### TASK GOAL
From the material below, please set down exactly the lines starting with the one with "Die Prometheus-Statue, von" and going on through the one with "Miss Me Pants", without a single picture.
#### EXTRACTED MATERIAL ####
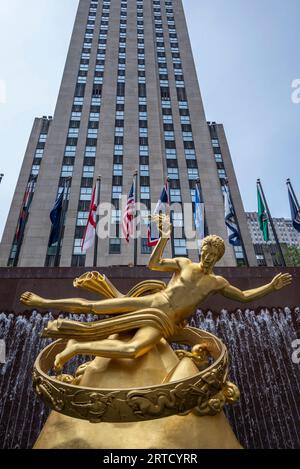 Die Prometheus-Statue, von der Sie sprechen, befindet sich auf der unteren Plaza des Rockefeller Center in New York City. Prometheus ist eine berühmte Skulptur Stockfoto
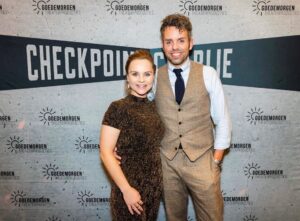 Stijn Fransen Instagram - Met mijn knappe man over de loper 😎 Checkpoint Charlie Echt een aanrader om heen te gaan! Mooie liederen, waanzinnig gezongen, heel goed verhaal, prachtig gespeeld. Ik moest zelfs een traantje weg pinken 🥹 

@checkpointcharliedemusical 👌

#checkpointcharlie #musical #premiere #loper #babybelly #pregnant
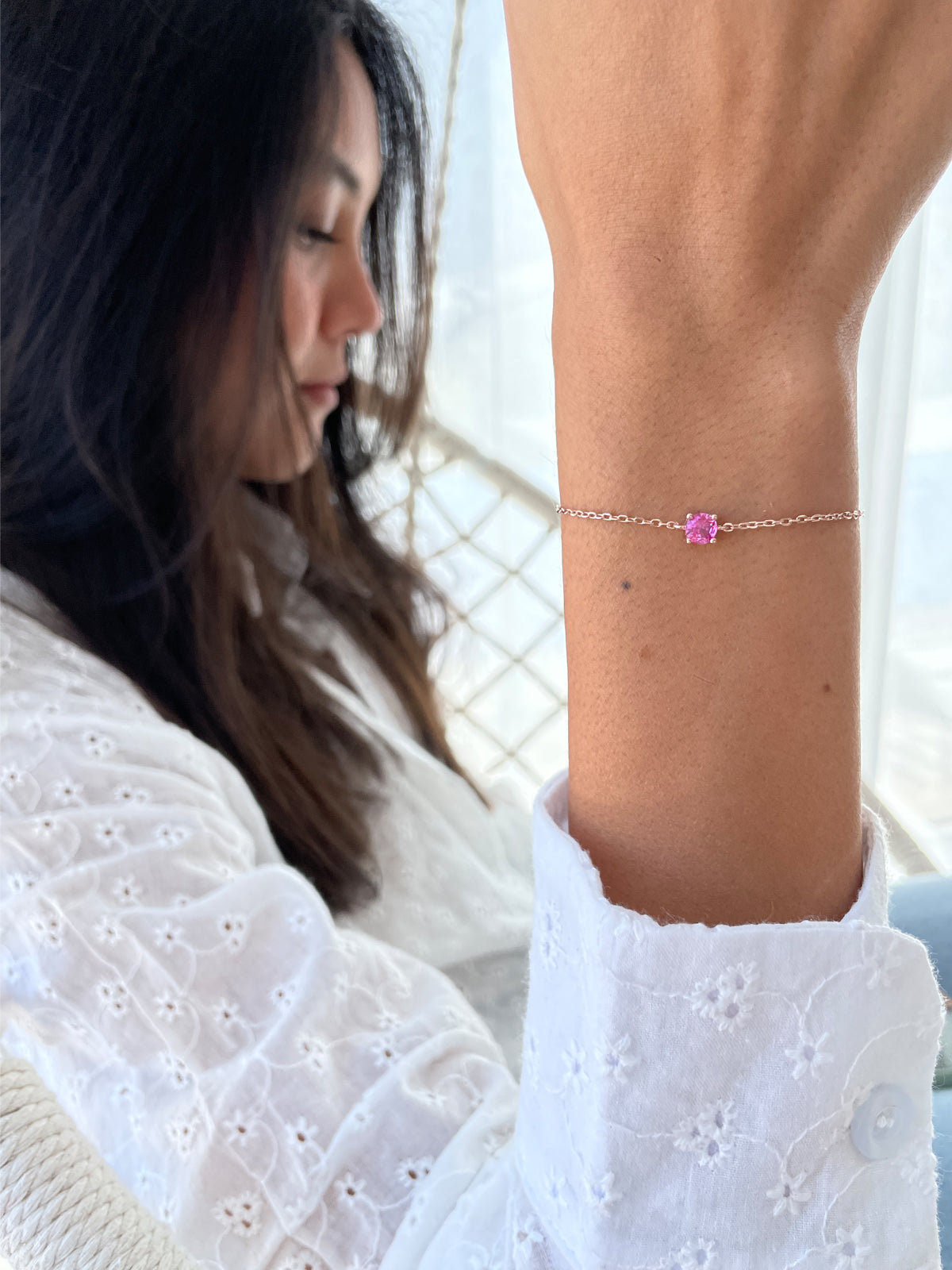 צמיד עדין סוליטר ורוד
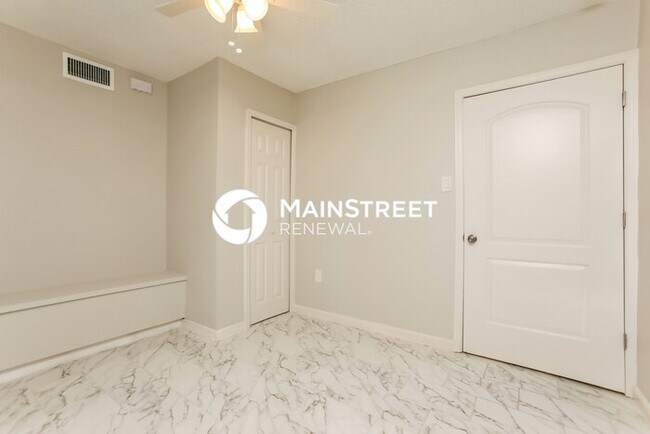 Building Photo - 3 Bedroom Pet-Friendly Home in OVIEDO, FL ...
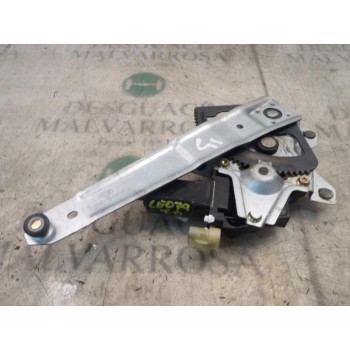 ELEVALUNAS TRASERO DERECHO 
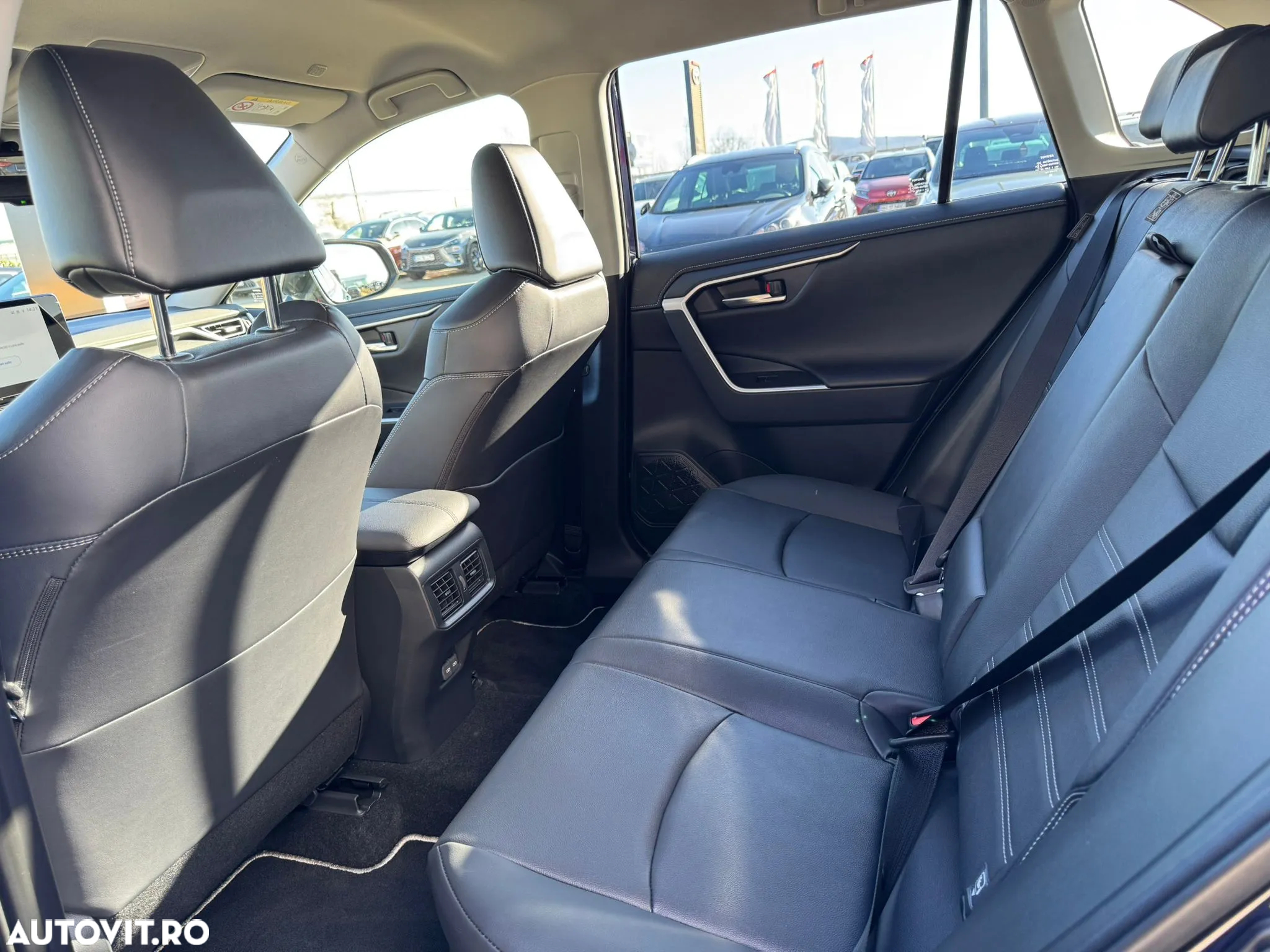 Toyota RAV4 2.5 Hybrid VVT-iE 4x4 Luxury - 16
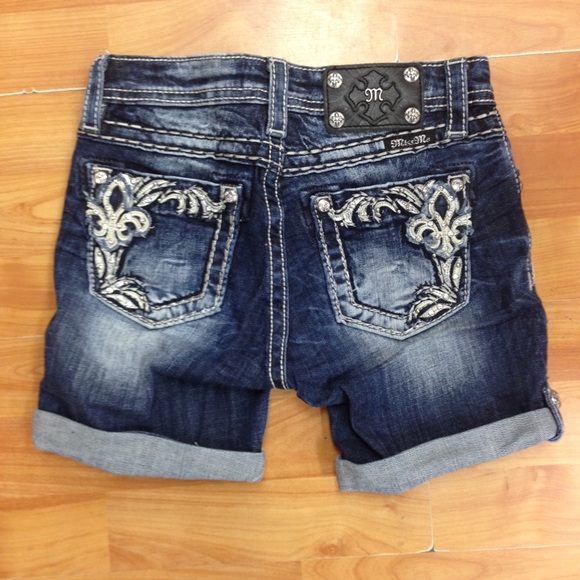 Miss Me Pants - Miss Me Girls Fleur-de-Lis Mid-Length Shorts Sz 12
####
#### EXTRACTED MATERIAL ####
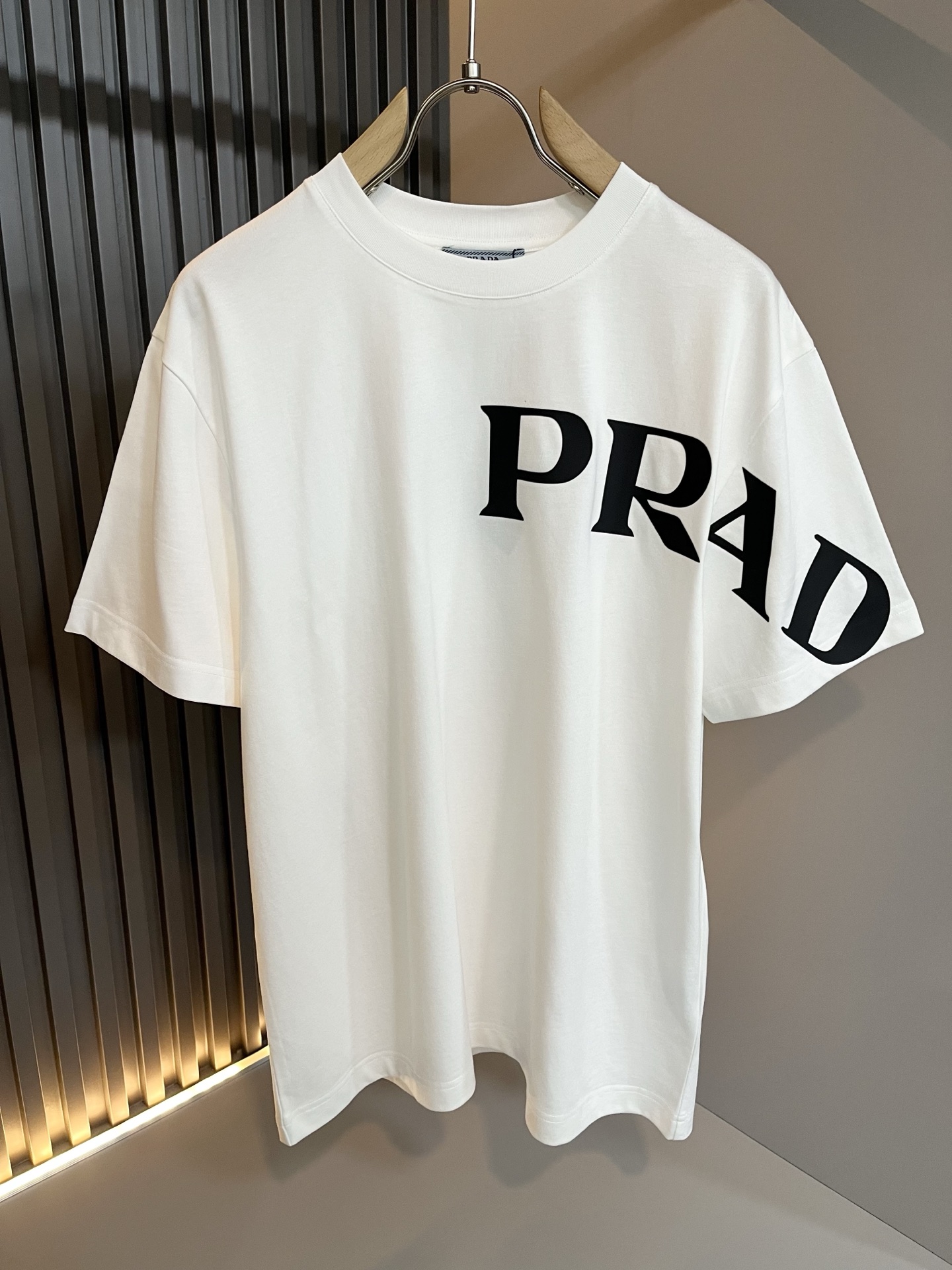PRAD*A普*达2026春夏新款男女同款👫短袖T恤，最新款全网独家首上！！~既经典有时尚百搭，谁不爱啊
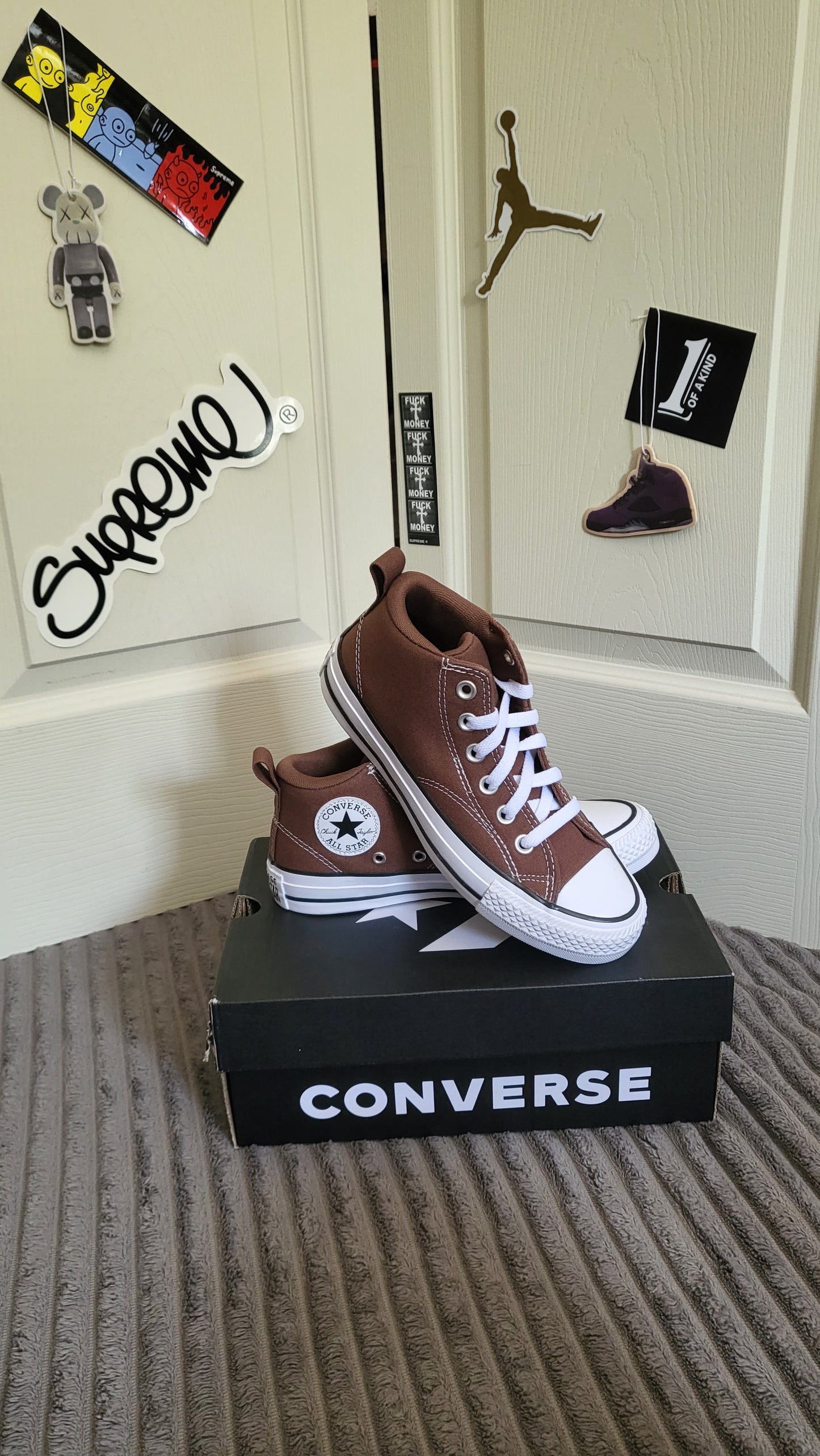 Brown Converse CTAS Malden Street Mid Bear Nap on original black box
####
#### EXTRACTED MATERIAL ####
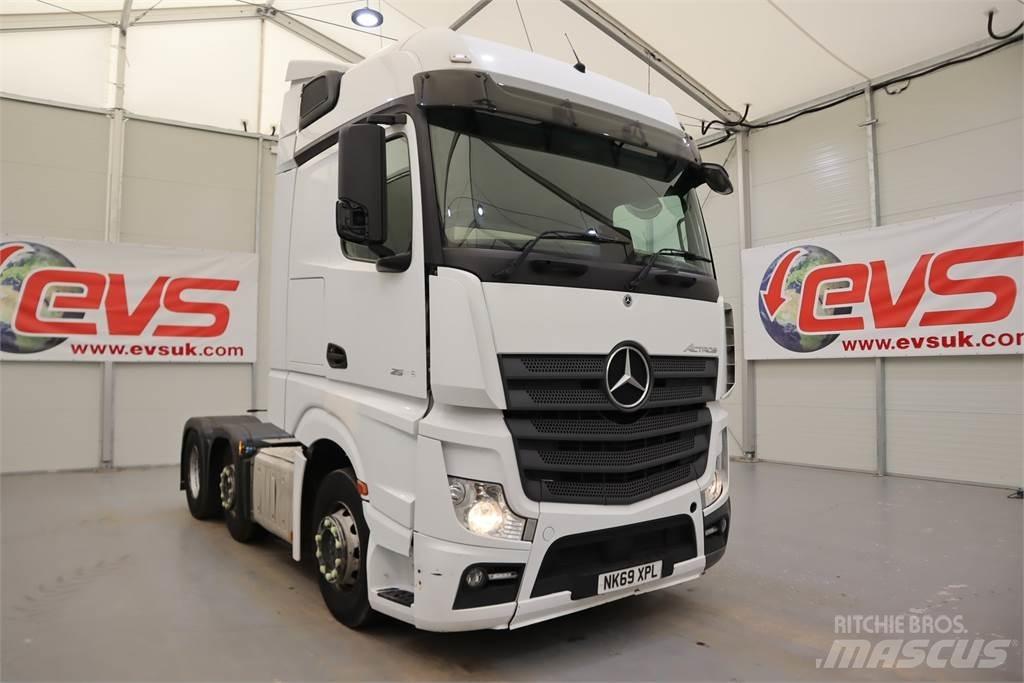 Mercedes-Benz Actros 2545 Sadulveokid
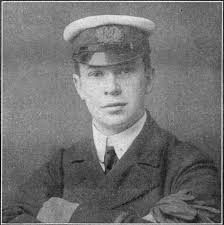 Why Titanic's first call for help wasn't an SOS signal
####
### REPLY TO THE TASK
 Die Prometheus-Statue, von der Sie sprechen, befindet sich auf der unteren Plaza des Rockefeller Center in New York City. Prometheus ist eine berühmte Skulptur Stockfoto
 Stijn Fransen Instagram - Met mijn knappe man over de loper 😎 Checkpoint Charlie Echt een aanrader om heen te gaan! Mooie liederen, waanzinnig gezongen, heel goed verhaal, prachtig gespeeld. Ik moest zelfs een traantje weg pinken 🥹 

@checkpointcharliedemusical 👌

#checkpointcharlie #musical #premiere #loper #babybelly #pregnant
 צמיד עדין סוליטר ורוד
 Building Photo - 3 Bedroom Pet-Friendly Home in OVIEDO, FL ...
 ELEVALUNAS TRASERO DERECHO 
 Toyota RAV4 2.5 Hybrid VVT-iE 4x4 Luxury - 16
 Miss Me Pants - Miss Me Girls Fleur-de-Lis Mid-Length Shorts Sz 12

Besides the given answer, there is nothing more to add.